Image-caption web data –
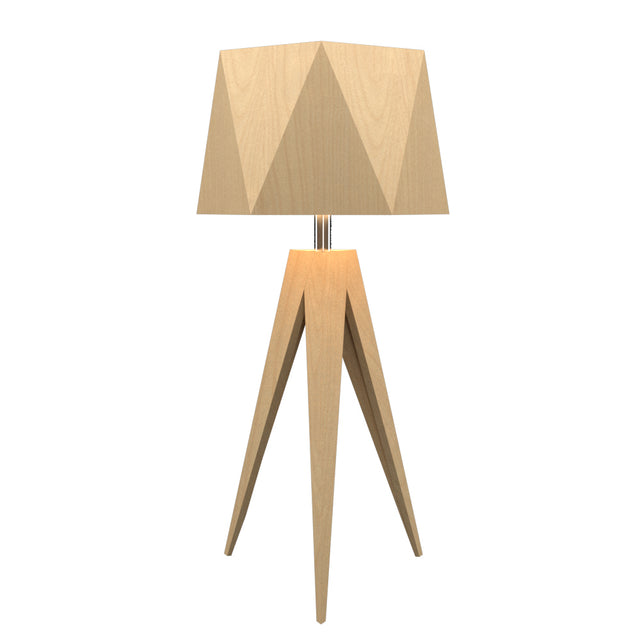 Facet Outdoor (Damp) Table Lamp by Accord Lighting
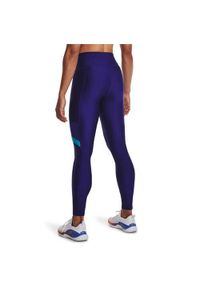 Spodnie treningowe damskie Under Armour Mesh Panel Leg. Kolor: wielokolorowy. Materiał: mesh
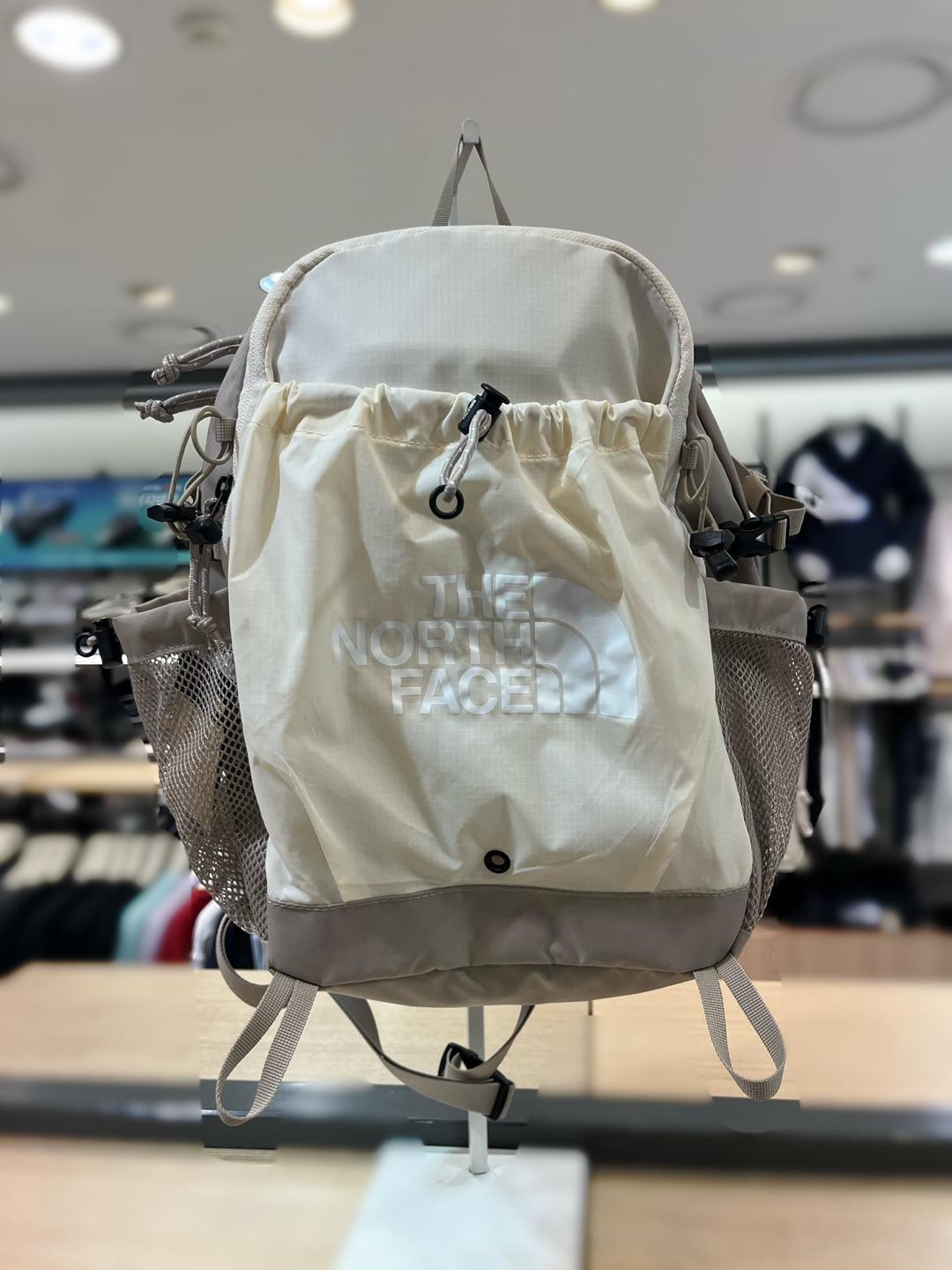 노스페이스 NM2SP06B 브리즈 엘티 15L 등산 산행 소형 가방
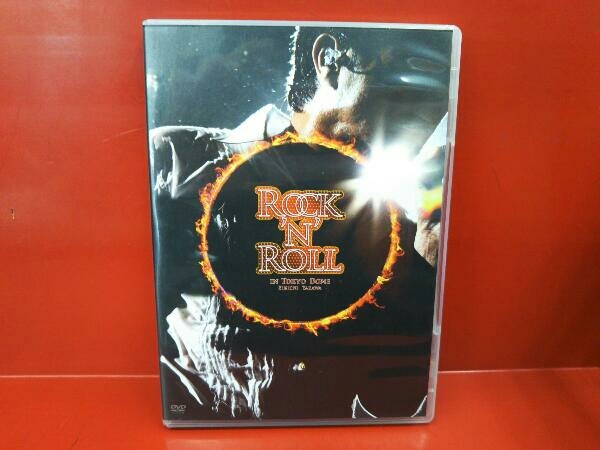  DVD ROCK'N'ROLL IN TOKYO DOME(ジャパニーズポップス)｜売買されたオークション情報、yahooの商品情報をアーカイブ公開 - オークファン ジャパニーズポップス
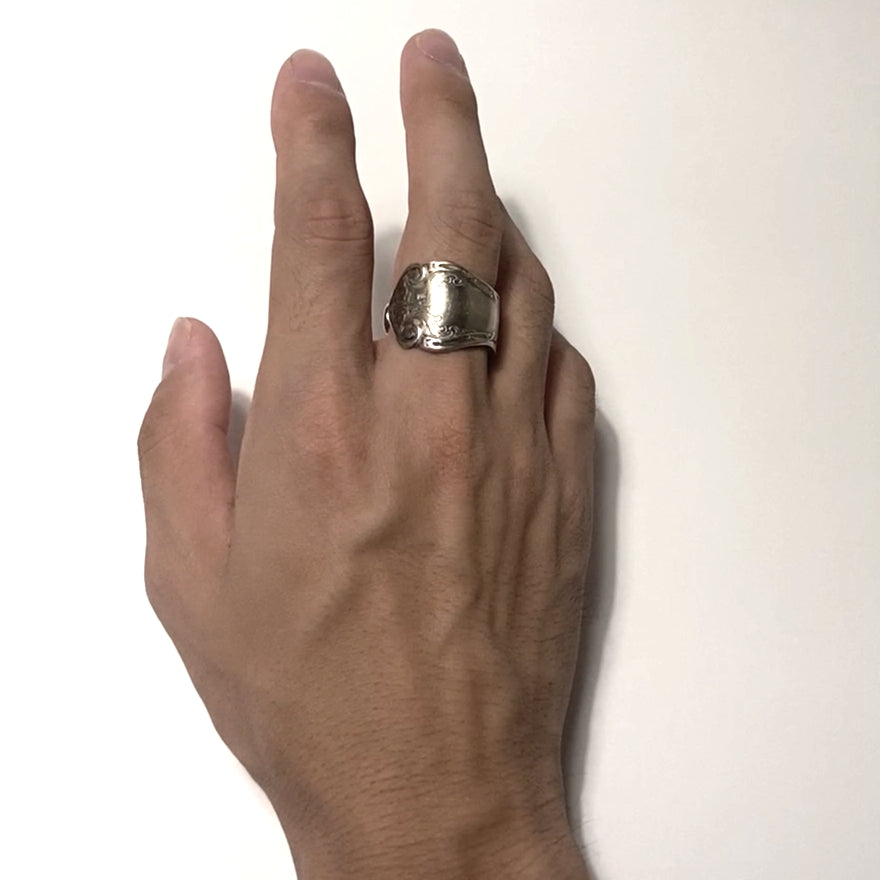 Spoon Ring No.3131 21号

PROBLEM TO SOLVE – Could you repeat exactly the lines from the one containing "Spodnie treningowe damskie" through the last line of the records, both included, without the pictures?

YOUR SOLUTION –
 Spodnie treningowe damskie Under Armour Mesh Panel Leg. Kolor: wielokolorowy. Materiał: mesh
 노스페이스 NM2SP06B 브리즈 엘티 15L 등산 산행 소형 가방
  DVD ROCK'N'ROLL IN TOKYO DOME(ジャパニーズポップス)｜売買されたオークション情報、yahooの商品情報をアーカイブ公開 - オークファン ジャパニーズポップス
 Spoon Ring No.3131 21号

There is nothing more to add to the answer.